Hay algo importante en Había una vez… en Hollywood. A la manera de Roger Ebert, la última película del director de Jackie Brown y Kill Bill toma el pulso del sueño de toda una nación: “Si prestas suficiente atención a las películas, ellas te dirán qué desea y qué teme la gente”.
Libre de grandes efectos especiales y con una trama salpicada de vísceras, la médula de la película es el celuloide palpitante, uno con vida propia fuera de las salas y las habitaciones del streaming: dan ganas de conversar sobre Había una vez… en Hollywood.
Tarantino, decía Fuguet, tiene la suerte de querer rodar cintas de época que desean ser clásicos y aun así arrasar en la taquilla.
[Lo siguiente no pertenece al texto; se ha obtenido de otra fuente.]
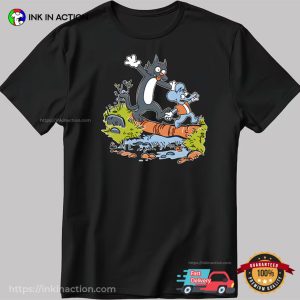 itchy and scratchy Funny Cartoon Shirt 3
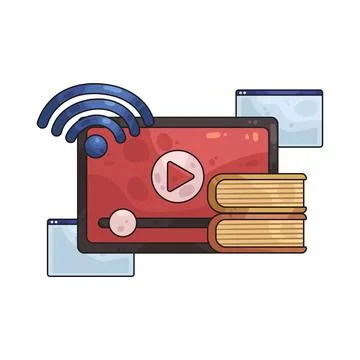 Video lesson illustration Stock Illustration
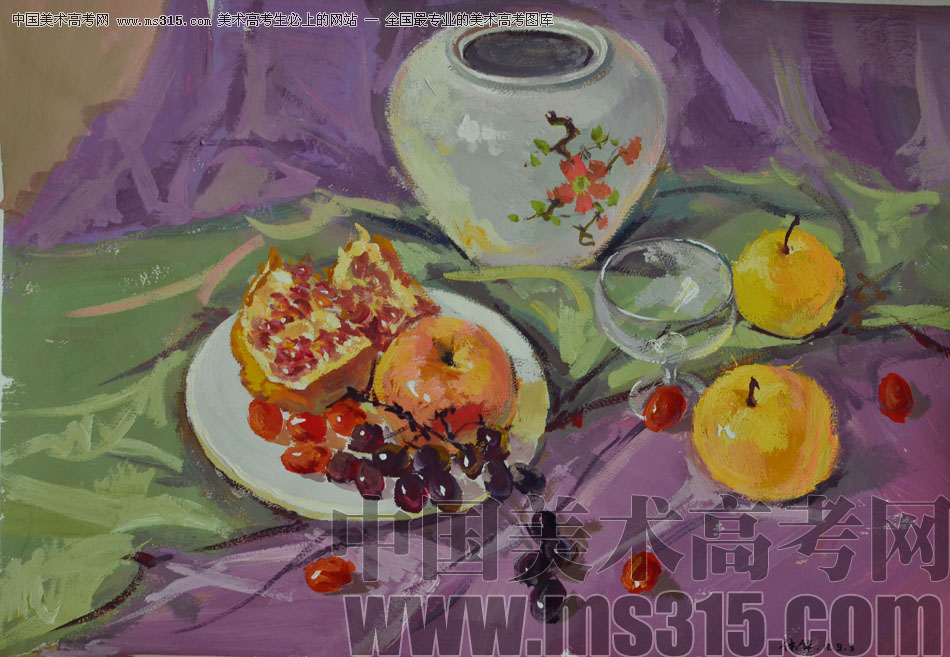 北京京美画室投稿作品34（色彩静物）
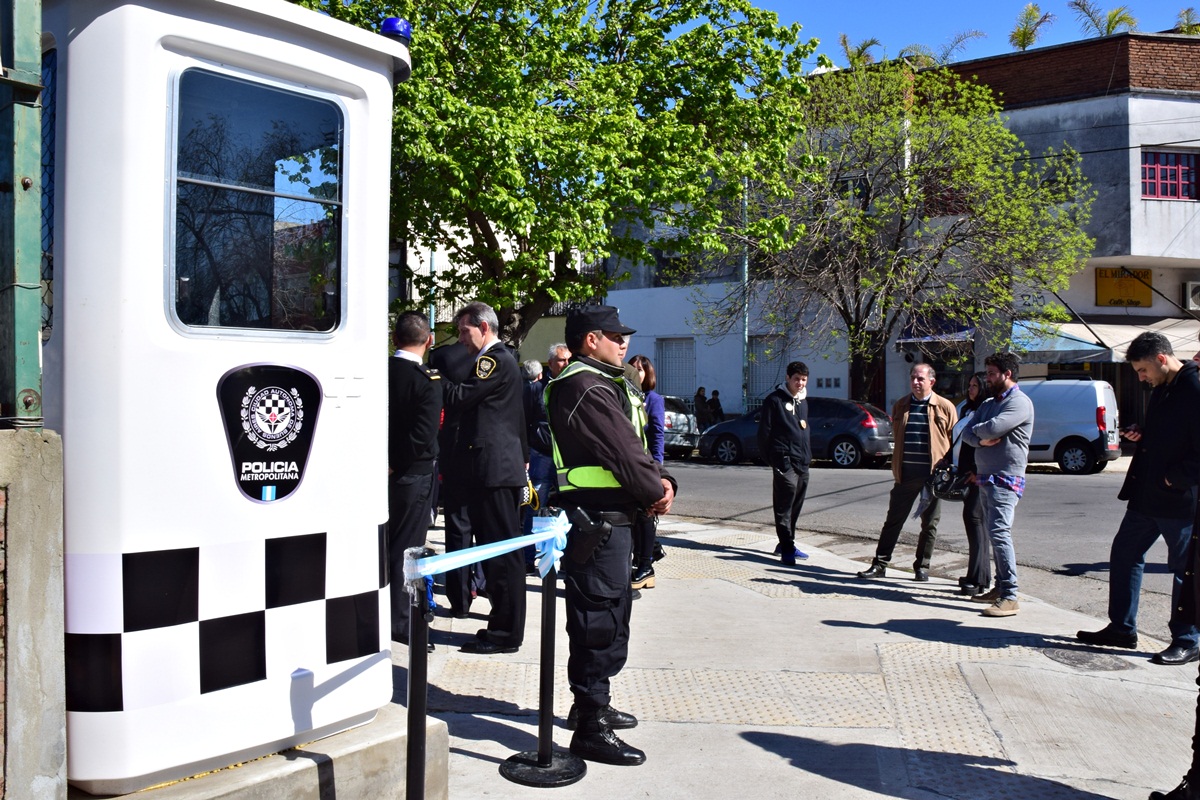 Se inauguró garita de seguridad en la Comuna 15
Yo le agregaría el cuidado por sus bandas sonoras, un trabajo de joyería que parece ser tan importante como sus historias.
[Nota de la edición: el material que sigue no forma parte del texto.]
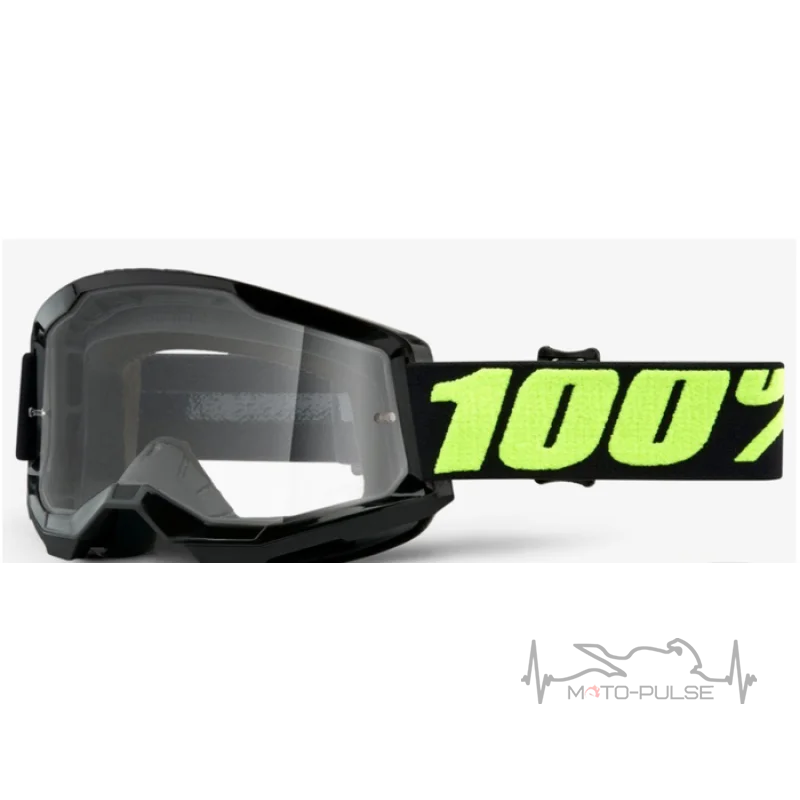 Очки кроссовые 100%  STRATA 2 Goggle Upsol - Clear Lens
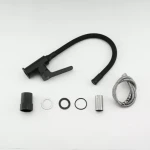 Смеситель для кухни FRAP F4462 с гибким изливом черный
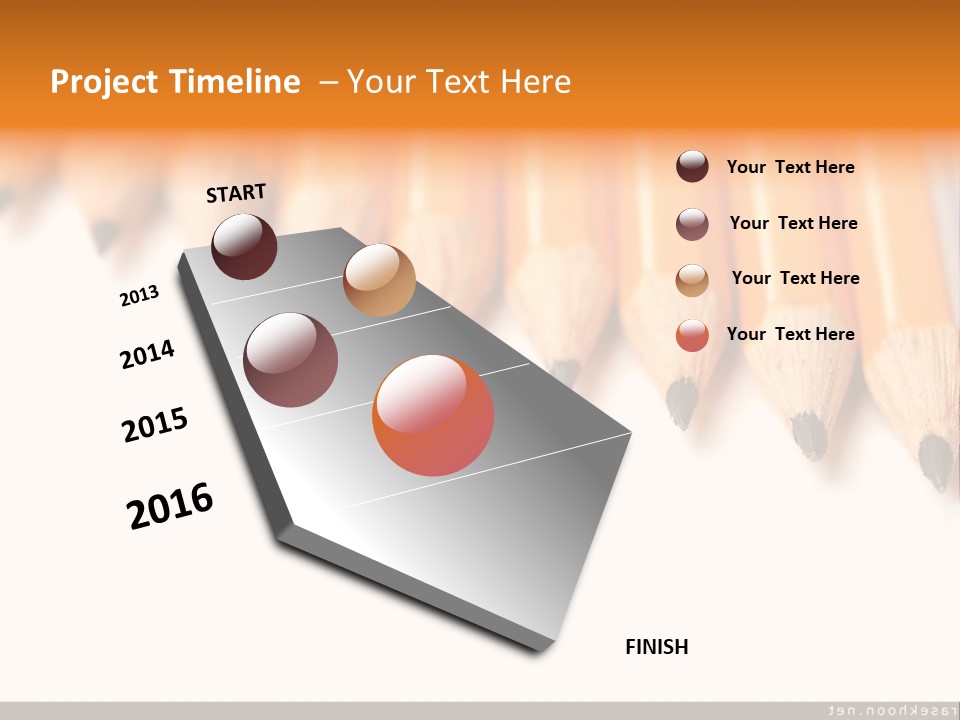 A Group Of Yellow Pencils With A White Background PowerPoint Template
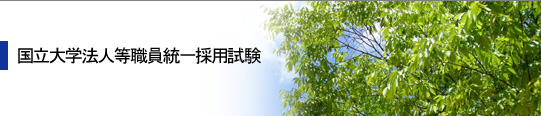 国立大学法人等職員統一採用試験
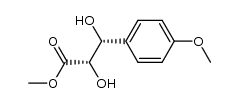 (2S,3R)-(-)-methyl 2,3-dihydroxy-3-(p-methoxyphenyl)propionate Structure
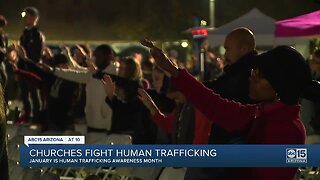 Churches fight human trafficking at 'A Night of Hope' event
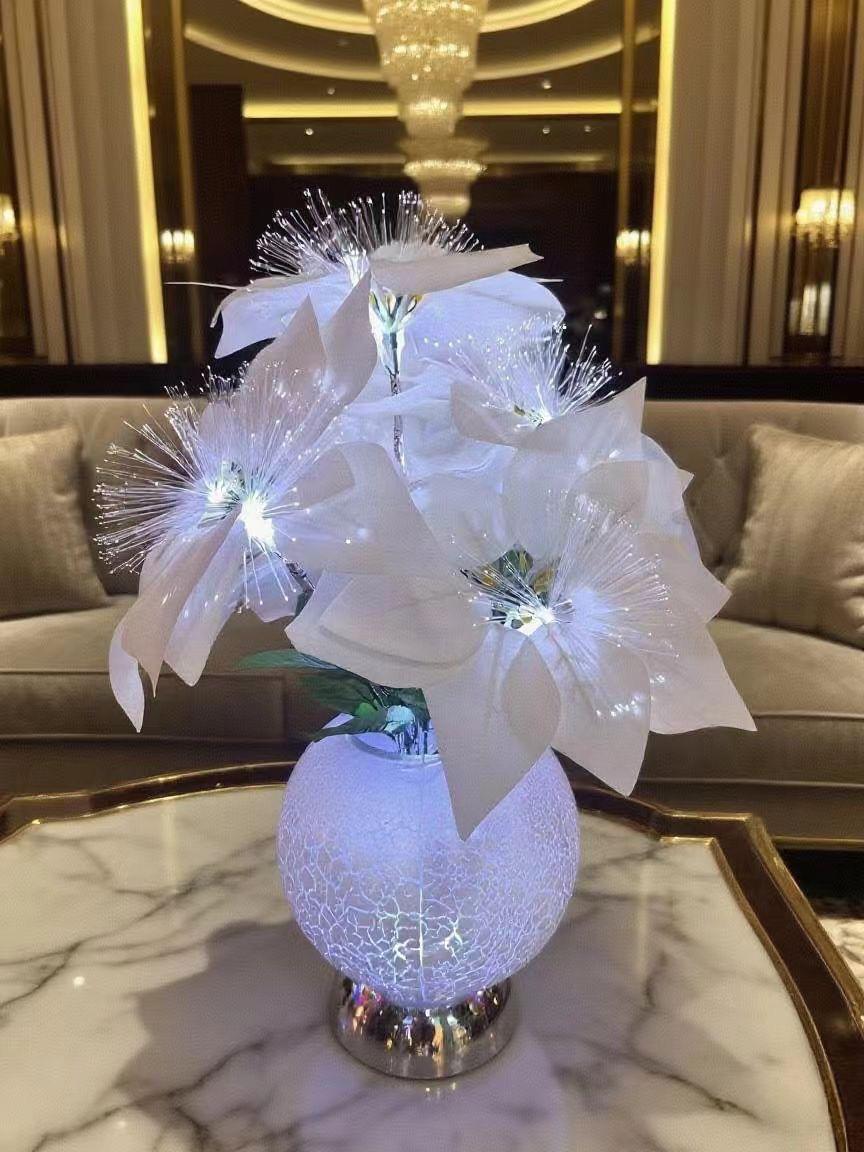 Decorative table lamp flower-like design 40cm,9L
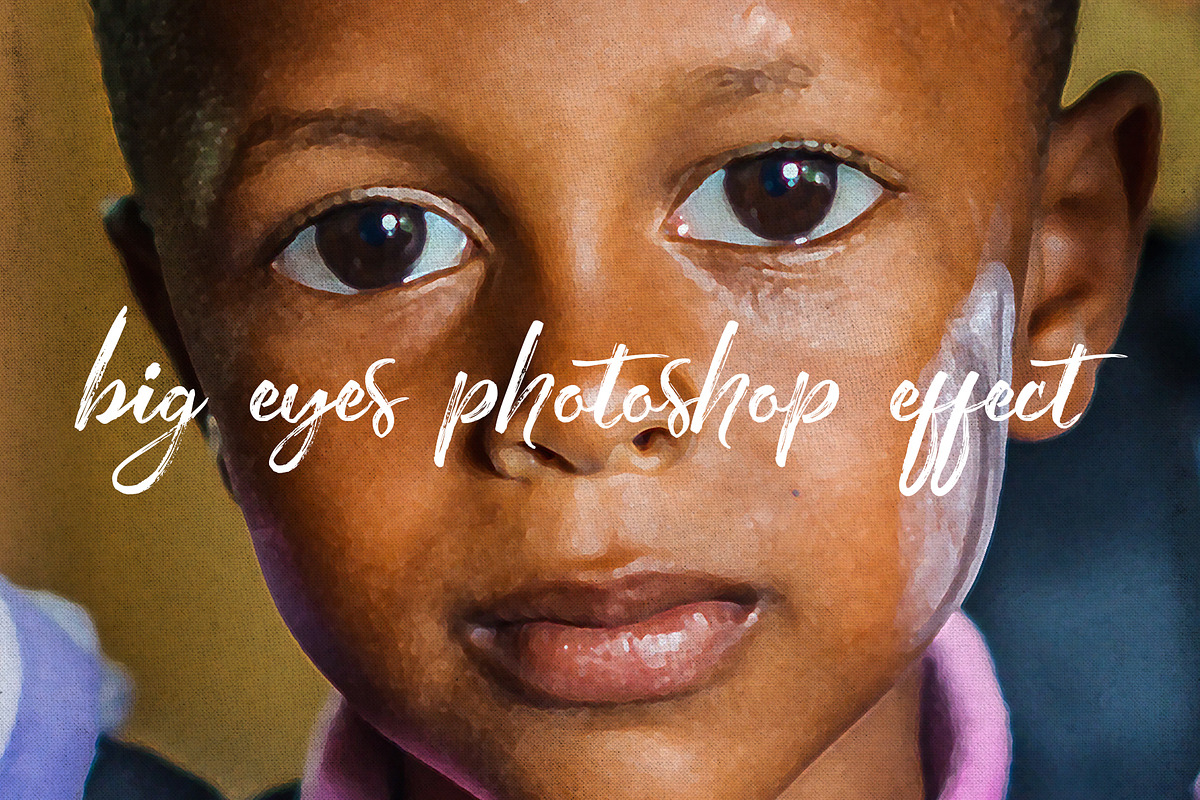 Big Eyes Photoshop Effect, an Action Add-On by Gromov Design (Photo 1 of 8)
Casi siempre conformados por canciones preexistentes, los soundtracks de Tarantino son los culpables del hormigueo en la espina dorsal, la anécdota que refleja la madera de la que está hecho el cine de su director.
Antes de la paternidad y antes de mudarse con su actual pareja a Tel Aviv, el director se reconoció alguna vez como un melómano. En su hogar de entonces, ubicado en lo alto de las colinas de Hollywood, guardaba una habitación dedicada exclusivamente a sus discos, los cuales ordenaba por géneros y subgéneros.
La pieza, donde incluso mantenía una rocola, era una especie de santuario al momento de trabajar, un espacio que él mismo describió como parecido a "una tienda de vinilos de segunda mano".
“Cuando se me ocurre una idea, voy hasta esa habitación en busca de música para darle personalidad, espíritu y el ritmo que quiero para la película”, contó al programa Music in Films, “me gusta imaginarme una escena desde la perspectiva del espectador sentado en la sala de cine, y hay canciones que permiten cerrar los ojos e imaginar esas escenas”.
En Había una vez… en Hollywood, más allá de lo obvio —Deep Purple, The Mamas and the Papas y Paul Revere—, fuera del cajón de la nostalgia —cada cortina radial de KHJ y el color de las canciones de Simon & Garfunkel—: están ahí Vanilla Fudge, esa catedral llamada “Out of time” de los Stones y un joven José Feliciano haciendo de Barry McGuire, que no es lo mismo pero es igual.
Lo importante es anotar que Había una vez… en Hollywood —fuera de cartelera, con el primer Oscar para Brad Pitt como Mejor actor de reparto y otro para el Diseño de producción a cargo de Barbara Ling y Nancy Haigh— se relaciona con la retromanía. Como propuso alguna vez Simon Reynolds desde otro apartado: esa adicción de la cultura pop —en este caso desde el cine— a su propio pasado.